(GIVEN RECORDS begins)

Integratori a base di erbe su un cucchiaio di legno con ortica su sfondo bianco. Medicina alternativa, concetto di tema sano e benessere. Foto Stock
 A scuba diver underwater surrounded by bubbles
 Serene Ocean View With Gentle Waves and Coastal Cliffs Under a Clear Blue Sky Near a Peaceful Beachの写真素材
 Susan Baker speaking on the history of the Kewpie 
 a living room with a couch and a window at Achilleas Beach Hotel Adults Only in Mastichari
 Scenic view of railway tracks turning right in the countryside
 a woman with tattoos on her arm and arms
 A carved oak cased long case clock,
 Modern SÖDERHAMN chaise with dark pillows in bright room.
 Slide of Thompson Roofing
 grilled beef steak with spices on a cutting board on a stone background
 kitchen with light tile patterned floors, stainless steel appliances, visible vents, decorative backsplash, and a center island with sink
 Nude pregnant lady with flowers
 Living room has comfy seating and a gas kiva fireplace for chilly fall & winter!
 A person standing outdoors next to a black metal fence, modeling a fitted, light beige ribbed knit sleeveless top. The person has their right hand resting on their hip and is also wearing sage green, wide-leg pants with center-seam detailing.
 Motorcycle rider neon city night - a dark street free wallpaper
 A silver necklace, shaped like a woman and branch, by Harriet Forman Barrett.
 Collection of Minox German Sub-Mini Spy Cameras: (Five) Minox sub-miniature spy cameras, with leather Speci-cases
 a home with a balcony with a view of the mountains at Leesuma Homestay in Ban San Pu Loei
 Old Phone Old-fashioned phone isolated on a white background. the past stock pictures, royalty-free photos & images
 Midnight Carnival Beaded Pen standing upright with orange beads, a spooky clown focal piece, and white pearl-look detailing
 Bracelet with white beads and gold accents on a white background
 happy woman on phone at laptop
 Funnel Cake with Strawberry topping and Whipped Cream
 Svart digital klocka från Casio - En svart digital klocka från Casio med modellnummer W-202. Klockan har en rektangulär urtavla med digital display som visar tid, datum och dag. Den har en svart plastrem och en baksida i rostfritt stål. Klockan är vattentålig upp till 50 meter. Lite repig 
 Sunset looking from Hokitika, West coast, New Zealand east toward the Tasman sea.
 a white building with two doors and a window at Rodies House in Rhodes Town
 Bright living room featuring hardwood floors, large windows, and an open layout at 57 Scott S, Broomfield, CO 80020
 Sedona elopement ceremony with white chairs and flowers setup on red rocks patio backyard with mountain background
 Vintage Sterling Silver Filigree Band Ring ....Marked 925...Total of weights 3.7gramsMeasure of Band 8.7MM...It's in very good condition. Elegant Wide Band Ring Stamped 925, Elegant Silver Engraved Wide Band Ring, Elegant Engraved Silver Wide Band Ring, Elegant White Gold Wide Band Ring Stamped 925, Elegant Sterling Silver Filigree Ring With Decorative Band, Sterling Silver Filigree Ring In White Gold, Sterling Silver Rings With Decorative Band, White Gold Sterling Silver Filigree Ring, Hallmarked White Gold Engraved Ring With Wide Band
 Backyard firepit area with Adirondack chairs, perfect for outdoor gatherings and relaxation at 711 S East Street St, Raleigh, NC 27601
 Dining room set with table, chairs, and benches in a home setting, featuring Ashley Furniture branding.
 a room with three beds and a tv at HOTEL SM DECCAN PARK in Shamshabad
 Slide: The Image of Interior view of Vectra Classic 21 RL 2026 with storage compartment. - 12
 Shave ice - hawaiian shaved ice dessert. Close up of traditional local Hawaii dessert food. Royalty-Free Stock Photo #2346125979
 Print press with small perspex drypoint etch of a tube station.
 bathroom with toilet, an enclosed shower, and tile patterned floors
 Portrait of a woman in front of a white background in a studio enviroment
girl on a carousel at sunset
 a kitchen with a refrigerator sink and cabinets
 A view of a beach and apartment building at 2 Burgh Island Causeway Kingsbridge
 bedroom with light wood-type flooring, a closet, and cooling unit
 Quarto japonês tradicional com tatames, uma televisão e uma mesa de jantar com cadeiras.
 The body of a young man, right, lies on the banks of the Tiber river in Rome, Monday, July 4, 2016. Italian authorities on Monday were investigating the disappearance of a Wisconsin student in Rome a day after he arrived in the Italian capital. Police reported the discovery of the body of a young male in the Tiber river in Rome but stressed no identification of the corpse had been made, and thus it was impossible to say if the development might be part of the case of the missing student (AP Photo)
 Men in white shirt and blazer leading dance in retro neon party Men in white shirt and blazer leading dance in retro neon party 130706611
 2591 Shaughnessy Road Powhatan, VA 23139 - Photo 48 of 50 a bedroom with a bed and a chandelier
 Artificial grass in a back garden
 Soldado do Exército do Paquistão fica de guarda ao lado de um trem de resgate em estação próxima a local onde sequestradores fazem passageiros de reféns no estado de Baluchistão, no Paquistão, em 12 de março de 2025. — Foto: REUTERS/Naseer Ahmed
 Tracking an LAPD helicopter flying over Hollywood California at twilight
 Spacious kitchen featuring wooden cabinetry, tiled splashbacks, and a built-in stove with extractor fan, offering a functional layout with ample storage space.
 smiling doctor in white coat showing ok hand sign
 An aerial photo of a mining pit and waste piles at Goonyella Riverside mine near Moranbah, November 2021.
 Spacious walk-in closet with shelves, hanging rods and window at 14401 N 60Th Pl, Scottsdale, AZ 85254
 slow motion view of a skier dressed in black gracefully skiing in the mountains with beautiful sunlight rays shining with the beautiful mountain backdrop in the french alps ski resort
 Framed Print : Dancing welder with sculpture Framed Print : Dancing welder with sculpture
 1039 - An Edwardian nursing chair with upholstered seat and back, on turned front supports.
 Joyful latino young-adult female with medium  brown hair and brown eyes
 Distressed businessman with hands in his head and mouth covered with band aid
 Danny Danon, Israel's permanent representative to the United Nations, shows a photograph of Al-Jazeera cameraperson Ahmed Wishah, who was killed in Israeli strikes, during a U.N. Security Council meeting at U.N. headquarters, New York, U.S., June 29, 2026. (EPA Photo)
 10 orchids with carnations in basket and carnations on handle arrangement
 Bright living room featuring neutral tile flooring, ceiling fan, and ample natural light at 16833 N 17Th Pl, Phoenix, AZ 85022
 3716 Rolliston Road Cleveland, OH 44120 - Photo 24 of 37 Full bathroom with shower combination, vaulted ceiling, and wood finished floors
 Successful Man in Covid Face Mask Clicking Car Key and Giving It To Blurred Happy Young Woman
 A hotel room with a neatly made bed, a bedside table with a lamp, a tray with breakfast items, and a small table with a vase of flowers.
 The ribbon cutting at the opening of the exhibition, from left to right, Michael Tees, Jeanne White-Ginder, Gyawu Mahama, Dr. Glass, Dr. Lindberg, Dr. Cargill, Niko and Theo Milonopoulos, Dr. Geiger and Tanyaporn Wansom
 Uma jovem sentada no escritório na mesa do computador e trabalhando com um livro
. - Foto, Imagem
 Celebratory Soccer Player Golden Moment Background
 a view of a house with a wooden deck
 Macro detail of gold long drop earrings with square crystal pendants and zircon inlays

(GIVEN RECORDS ends)

PROBLEM TO SOLVE ->
State how many lines of the entries above include the string "Slide". The reply is that number alone.

EXPECTED ANSWER ->
2